Agencies vs Other Lenders

GSE agencies typically offer more favorable terms to multifamily investors than banks and other lending agencies. Firstly, they primarily offer non-recourse loans. This means that if you happen to default on your loan, the underlying asset is the only asset that can be seized and sold by the agency. By comparison, banks and other agencies tend to sell recourse loans, which allow them to seize and sell your personal assets if the value of the property does not cover the loan amount.

Secondly, agencies are more likely to offer higher leverage loans, with loan-to-values (LTVs) up to 80% and a long amortization. It would be unusual to secure such terms through a community or commercial bank without a significant increase in the interest rate. Agencies on the other hand are more willing to offer a lower rate on higher leverage loans.

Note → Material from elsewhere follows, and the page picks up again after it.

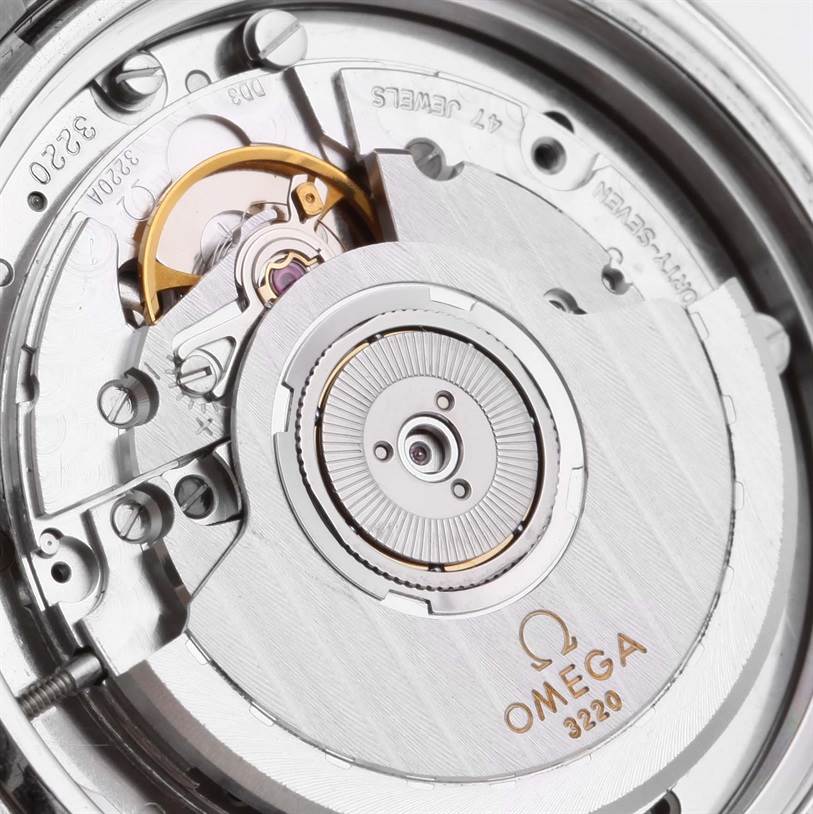 The image shows the movement mechanism and internal components of an Omega Speedmaster 3510.82.00 Men
s Stainless Steel Blue Dial 3510.82.00 Men
s Stainless Steel Blue Dial watch.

Granted, agency loans are not appropriate for all investors. The minimum loan amount for most products is $1 million, and the agencies are unlikely to underwrite a property that requires significant repairs or renovation. 


What You Need to Qualify

As to be expected, borrowers must meet certain requirements to qualify for an agency loan. You should have a credit score of at least 680, a personal net worth equal to the loan amount, and available liquidity equal to at least nine months of debt service. 

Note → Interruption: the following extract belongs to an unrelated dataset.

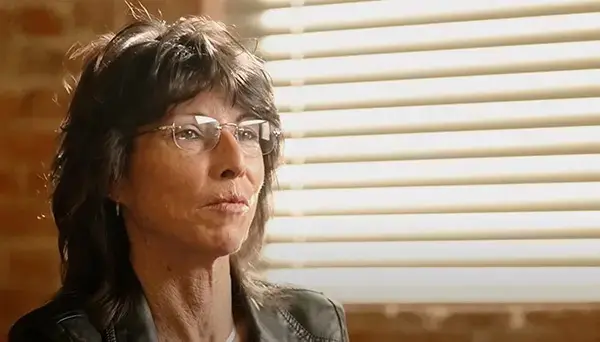 A person with shoulder-length dark hair and glasses sits in a room with natural light streaming through blinds. They wear a dark jacket and appear thoughtful. The background features a brick wall.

Additionally, agencies prefer borrowers with multifamily ownership or management experience. You should also live within 100 miles of the underlying property, or have a third-party property manager in your employ. It is worth noting though that the agencies are sometimes flexible with these requirements, especially for lower leverage loans.

Loan approval is also contingent on the quality of the underlying property.  The property should be in good condition, and have at least 90% occupancy for the past 90 days.


Agency Loan Products

You can read a brief description of the most popular agency loan products below. Login to LoanCenter to see the loans and terms available for a specific property. 


Fannie Mae Delegated Underwriting and Servicing (DUS)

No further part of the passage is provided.